I Peripheries sono un gruppo di cinque elementi: Claudio ‘Udo’ Bianconi (basso), John ‘Arnar’ Johnson (chitarra, tastiera, voce, oltreché autore di tutti i brani), Sabina ‘Morgana’ Morgagni (batteria), Carlo ‘Wiz’ Rossi (voce), Flaminia Samperi (tastiere, voce). E propongono il loro primo album “Mechanical Reproductions”, contenente dieci brani.
Avvicinandomi alle sonorità dei Peripheries ho avuto la sensazione di espormi a una esperienza, piuttosto straniante. Il che non vuol dire che non mi sia stato possibile cogliere, come in realtà e accaduto, i molti, anche innovativi e coinvolgenti, elementi distintivi che fanno di questo gruppo uno dei più originali apparsi sulla scena della New Wave.
Lo straniamento di cui parlavo è relativo al fatto che gli ambiti musicali che questo gruppo esplora sono piuttosto lontani da quelli consueti che personalmente frequento, anche se non è stato difficile cogliere nelle dieci composizioni raccolte nel CD atmosfere e suggestioni dark, post-punk e rock e numerose contaminazioni elettroniche e synth interessanti per lo spirito sperimentale che li anima.

In generale, si notano, accanto a riff metallici, ossessivi e ripetitivi, sonorità oscure, malinconiche, con influenze goth, sempre con una base di tristezza, cupa e, a volte, romantica, che in passato non ne hanno favorito la popolarità. Ecco, allora, che parlando di questa musica si capisce come essa abbia comunque in sé una indubbia forza autopoietica che la anima dal profondo.
Una forza che esprime una certa diffidenza (che arriva alla dissidenza) rispetto a un mondo di cui peraltro sa cogliere musicalmente in chiave negativa le ossessioni e le alienazioni che trasmette avvalendosene come in una specie di operazione catartica.
Oltretutto, va sottolineato che questa eccentricità viene amplificata anche dagli atteggiamenti, dai look, dei loro esponenti che si caratterizzano per un design tipico che nasce da una certa visione del mondo, una filosofia propria, fatta di scelte, anche se non sempre ben inquadrabili, certamente controcorrente se non proprio ostili al mainstream.

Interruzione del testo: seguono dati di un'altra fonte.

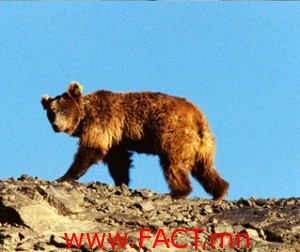 mazaalai_0404-middle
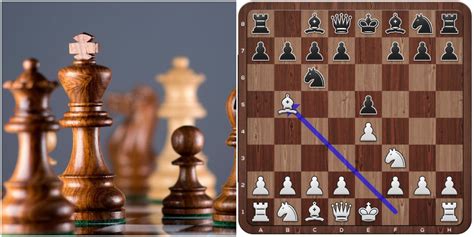 12 Best Chess Openings That Every Beginner Should Know - TrendRadars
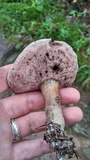 Tylopilus felleus image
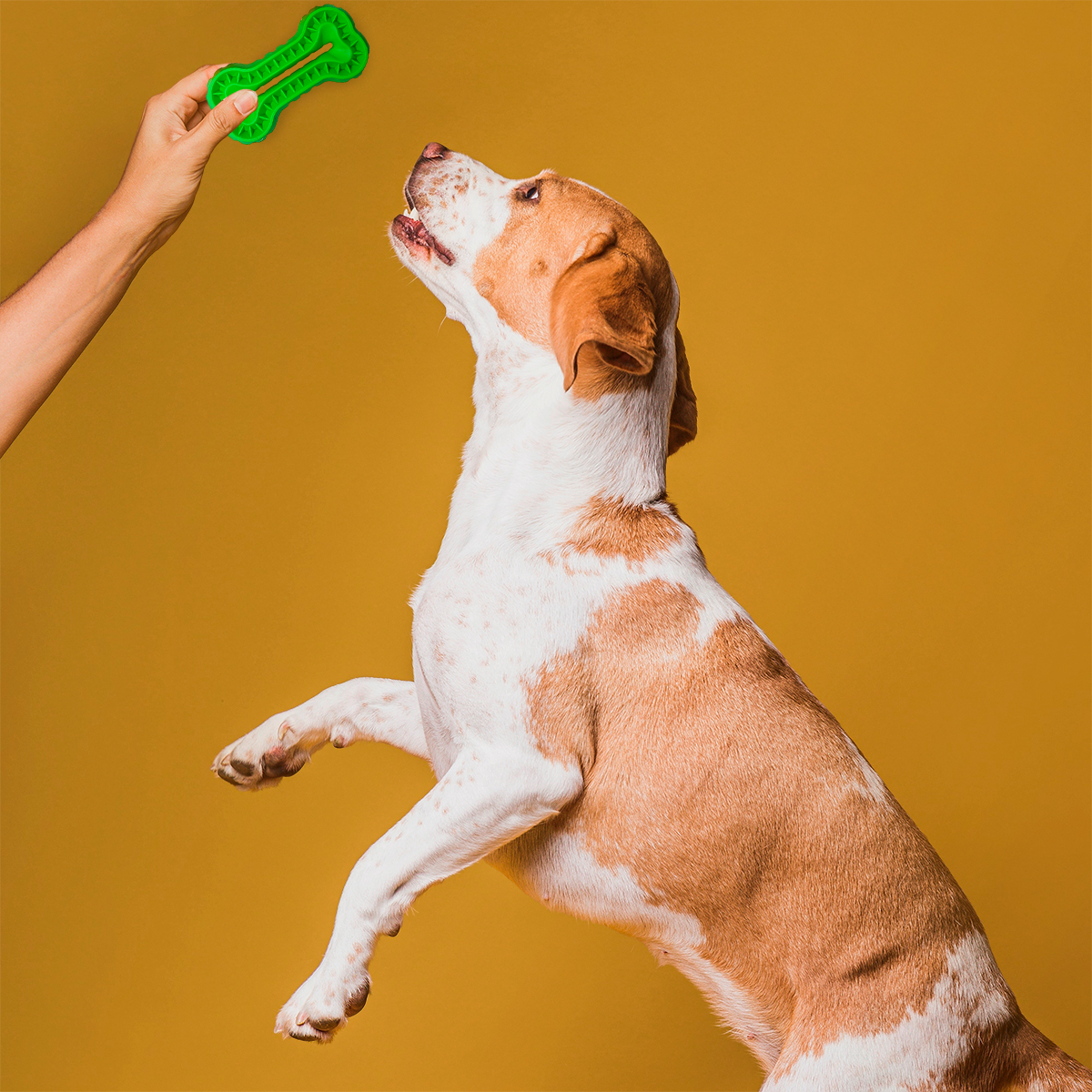 Juguete mordedera para mascota en forma de huesito - Verde limón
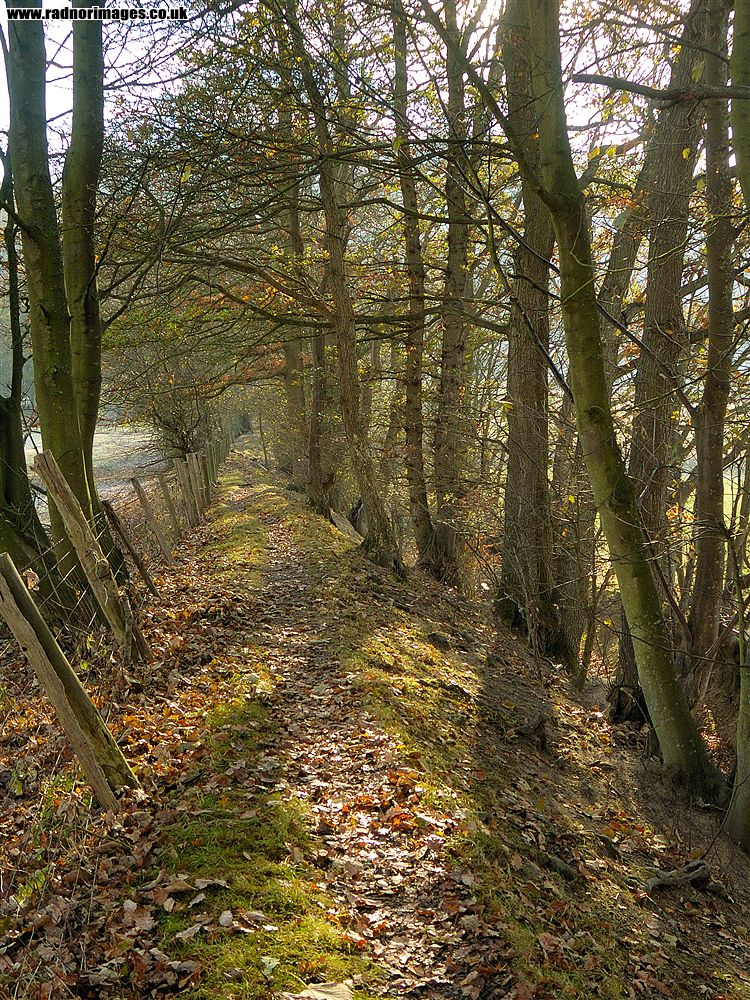 Offa's Dyke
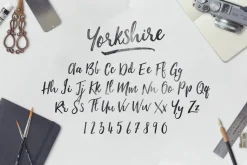 SALE | The Bestseller's Font Bundle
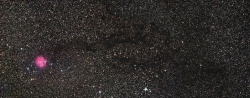 cocoon_alldata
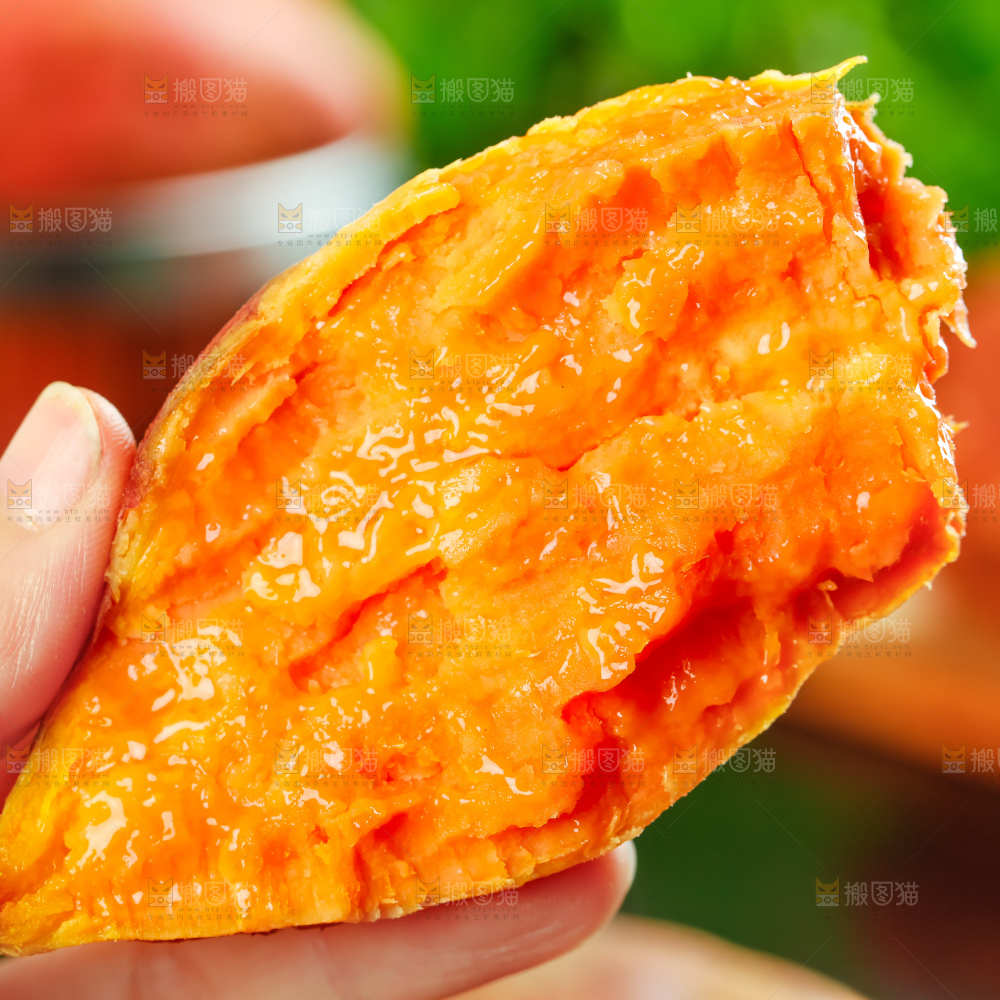 深底上的六鳌蜜薯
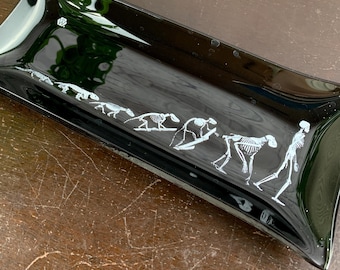 Mid Century Black Glass Plate with Lizard to Man Skeleton Evolution Print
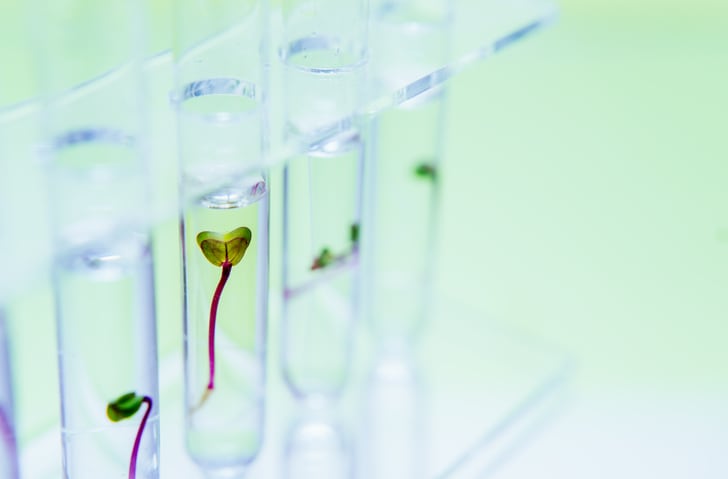 Beauty is entering ‘exciting era’ in biotech, says Givaudan Active Beauty
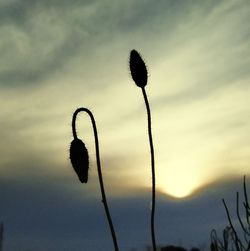 Low angle view of silhouette flowering plant against sky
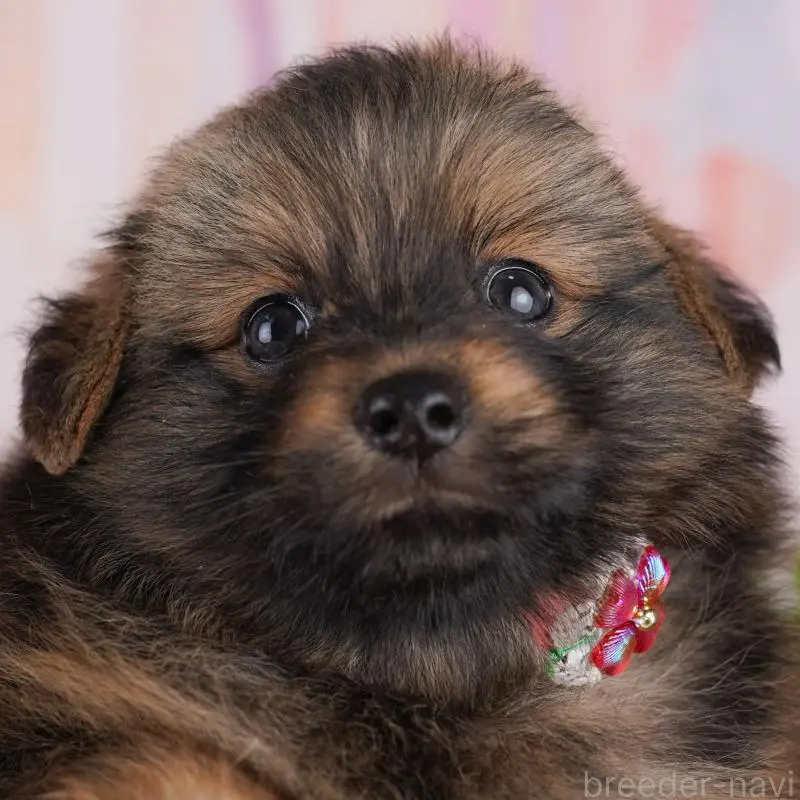 販売中の東京都のミックス犬-407324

Anche nei Peripheries c’è chi si occupa del merchandising, oggetti e vestiti (nella fattispecie è Sabi Morgagni) e il titolo del lavoro “Mechanical Reproductions” è ben rappresentato dalla copertina del CD di notevole efficacia sintetica che mette insieme un simbolo (triangolo o squadra) e ruote dentate di meccanismi freddi, forse usurati e non più utilizzabili.
Nell’ascolto si può notare una certa eco di musica cosmica (krautrock ) alla quale sembra che certi brani si ispirino che si pone però sempre a una certa equidistanza tra sonorità più idilliache e avveniristiche (“Colder than your smile“), e atmosfere decisamente più cupe (“A shadow passing over“) o struggenti ( “Jurmala”). Senza dimenticare che i suoni elettronici anche se piuttosto serrati e ripetitivi (“Lodestar”) riescono a trovare un senso e una certa orecchiabilità (“Pigalle”) anche grazie alla capacità evocativa della voce calda dei cantanti.
Per coloro che vogliono esplorare nuove tendenza musicali e non hanno preconcetti verso certa musica che arriva da lontano ed è senza dubbio proiettata verso il futuro, i Peripheries, definiti come imprevedibili ed eclettici, possono rappresentare un’occasione da non perdere.